A recent study led by researchers from the Canadian Museum of Nature and the University of Chicago has reconstructed the anatomy of Norselaspis glacialis, a jawless fish that lived over 400 million years ago. Using advanced imaging techniques, the team examined a fossil preserved in sandstone collected during a 1969 French expedition to Spitsbergen, Norway. The analysis revealed features previously thought unique to jawed vertebrates.
“These are the opening acts for a key episode in our own deep evolutionary history,” said Tetsuto Miyashita, research scientist at the Canadian Museum of Nature and lead author of the study published in Nature on August 6.
According to Michael Coates, professor and chair of organismal biology and anatomy at the University of Chicago and senior author of the study, “But there is a large data gap beneath this transformation. We’ve been missing snapshots from the fossil record that would help us order the key events to reconstruct the pattern and direction of change.”
The fossil’s preservation allowed scientists to scan and digitally reconstruct impressions of its heart, blood vessels, brain, nerves, inner ears, and muscles. Kristen Tietjen, digital imaging specialist at UChicago, collaborated with Miyashita and Coates to build a detailed digital atlas.
“With this exquisite digital atlas, we now know Norselaspis in greater anatomical detail than many living fishes,” Miyashita said.
The findings suggest that acute senses and enhanced cardiovascular systems evolved before jaws and teeth. “We found features in a jawless fish, Norselaspis, that we thought were unique to jawed forms,” Miyashita explained. “This fossil from the Devonian Period more than 400 million years ago shows that acute senses and a powerful heart evolved well before jaws and teeth.”
Norselaspis had seven muscles controlling its eyeballs—one more than humans—and proportionally large inner ears and heart. “If Norselaspis was to our scale, its inner ears would be each the size of an avocado, and its heart would be as large as a cantaloupe melon,” Miyashita said.
The fish also had paddle-like fins positioned behind its gills. Coates noted these would have aided sudden movements: “One might even say Norselaspis had the heart of a shark under the skin of a lamprey,” Miyashita added.

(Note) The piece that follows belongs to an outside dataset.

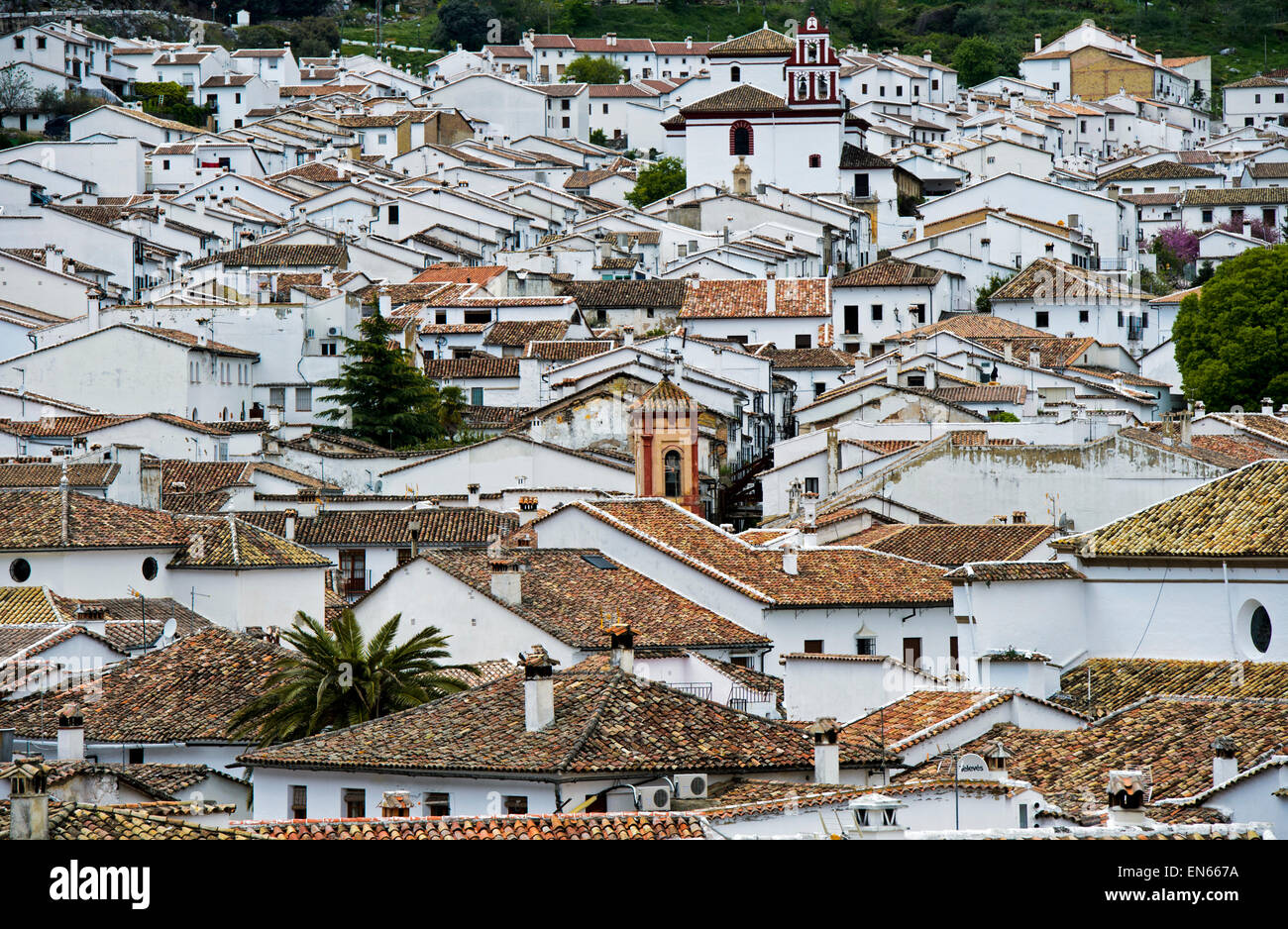 View across the roofs of the White Town, Pueblo Blanco, of Grazalema, Sierra de Grazalema, Cádiz province, Andalusia, Spain Stock Photo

Researchers believe these traits helped Norselaspis evade predators rather than pursue prey. As Coates stated: “When jaws evolved against this background, it brought about a pivotal combination of sensory, swimming and feeding systems, eventually leading to the extraordinary variety and abundance of Devonian fishes.”
Miyashita emphasized that early jaws were likely used for suction feeding rather than predation: “It wasn’t as simple as marching straight from a bottom feeder to an apex predator.”

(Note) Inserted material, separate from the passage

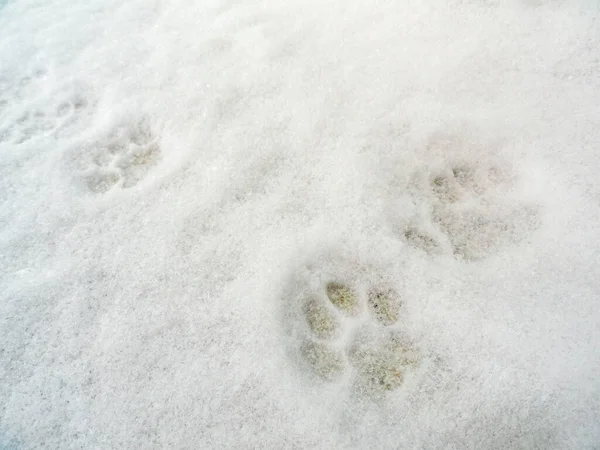 Pegadas Pegadas Animais Cães Gatos Neve Leherheide Bremerhaven Bremen Alemanha — Fotografia de Stock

The study also disputes previous theories about how shoulders evolved in tetrapods. The nerve leading to Norselaspis’ shoulder was found separate from those going to its gills—a sign that shoulders did not originate from modified gill structures but emerged independently along with new body regions like necks.
“A lot of these evolutionary changes have to do with how the head is attached to the trunk,” Miyashita said.
Paleontologists continue investigating what drove such anatomical changes. Some attribute them to shifts during periods when marine life became more active swimmers—a time known as the Nekton Revolution.
“For a historical event, we often emphasize one or two symbolic moments to the point of becoming a cliché. In this sense, the evolution of jaws is like a gunshot in Sarajevo starting World War I in 1914,” Miyashita said. “But it is imperative we understand the context. With Norselaspis, we can really find it in its heart.”